Suami Anda meninggal akibat insiden kemanusiaan yang sangat tragis. Bagaimana Anda berjuang mengatasi kesedihan pada diri Anda dan anak-anak?
Saya dan anak-anak merasakan kehilangan figur suami dan ayah yang selalu setia membahagiakan kami, lelaki yang menjadi pencari utama nafkah keluarga. Anak-anak menjadi pemurung dan cenderung agresif.
Untuk melepaskan beban kesedihan, terkadang saya keluar dari rumah dengan menaiki sepeda motor sambil menangis keras. Kondisi saya diketahui oleh seorang teman  yang bernasib sama dengan saya (suaminya meninggal akibat Bom Bali I), namanya Elissa De Jesus.
Karena berempati, ia menemui saya di rumah dan menyampaikan keinginan untuk membantu memulihkan psikis saya. Saya diajak bergabung di sebuah lembaga swadaya masyarakat (LSM) yang concern melakukan terapi dan konseling.
Hati saya berkata, saya sudah kehilangan satu orang, saya masih diberi amanat menjaga dua orang anak balita. Saya harus bangkit, tidak boleh terus-menerus terpuruk.

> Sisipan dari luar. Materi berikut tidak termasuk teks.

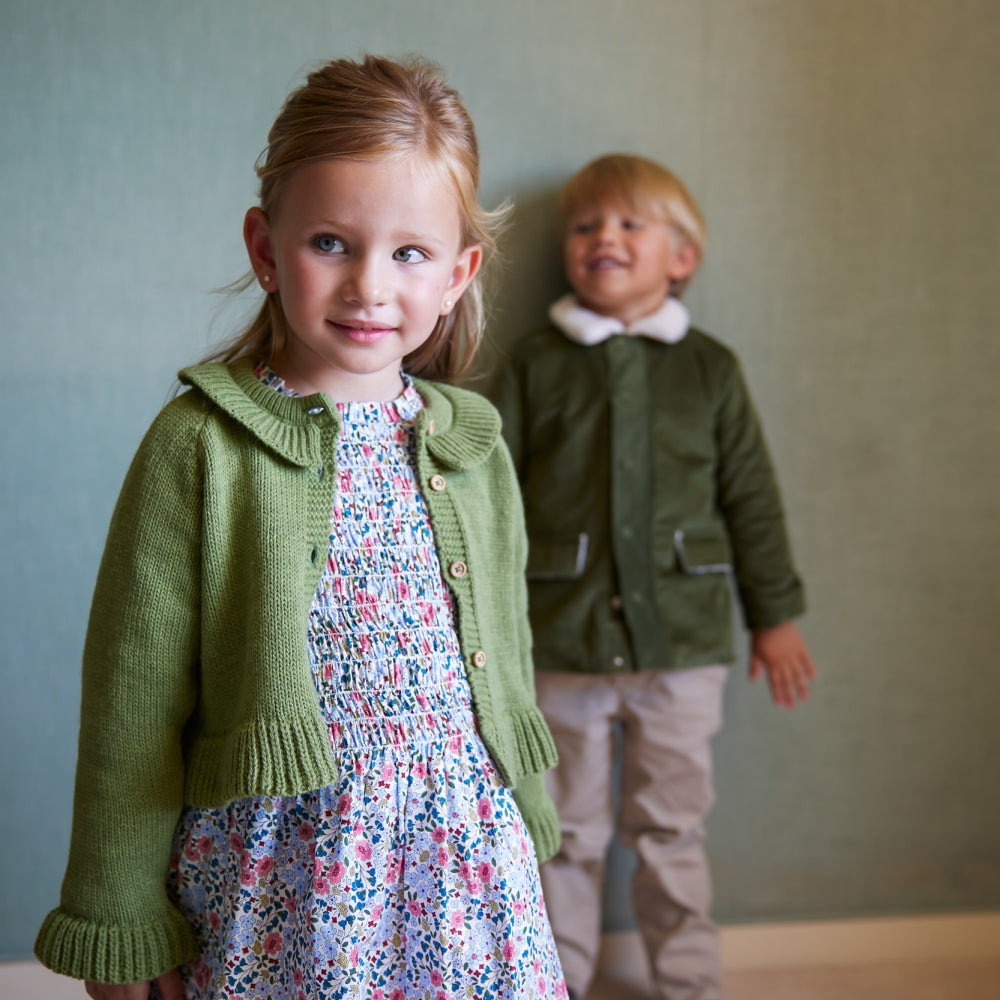 Vestito Ragazza  Smock Fioritura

Selama 6 bulan saya menjalani proses itu. Anak-anak juga saya ajak ke tempat itu. Metodenya, saya disuruh membantu keluarga korban dan orang-orang yang terkena ledakan bom.

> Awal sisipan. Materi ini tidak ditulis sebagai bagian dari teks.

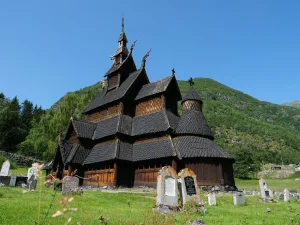 Église en bois de Borgund Stavkyrkje en Norvège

Usai masa terapi saya malah diminta bekerja di lembaga tersebut. Alhamdulillah, saya mulai mendapatkan pemasukan dengan pekerjaan itu.
Seiring waktu, dengan bantuan ibu, saya membuka sebuah toko kecil yang menjual barang-barang sembako, seperti gula, kopi dan gas. Setelah itu saya tambahi barang dagangan di took dengan kain-kain baju kiriman dari Jawa.

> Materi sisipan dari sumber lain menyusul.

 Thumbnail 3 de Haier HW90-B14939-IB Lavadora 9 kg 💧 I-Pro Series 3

Suatu saat saya berpikir bagaimana kalau saya masuk ke lembaga pendidikan formal. Saya ingin tahu bagaimana cara mendidik orang itu. Itu dipicu dari berita-berita di media massa di mana para pelaku terorisme itu guru-gurunya adalah orang pintar. Tahun 2006, alhamdulillah saya diterima menjadi guru di SMP Muhammadiyah I Denpasar.
Tahun 2009, bersama teman-teman korban Bom Bali dan keluarganya yang pernah menjalani konseling, saya mendirikan wadah bernama bernama ISANA DEWATA yang berarti Istri, Suami dan anak Dewata/ Bom Bali.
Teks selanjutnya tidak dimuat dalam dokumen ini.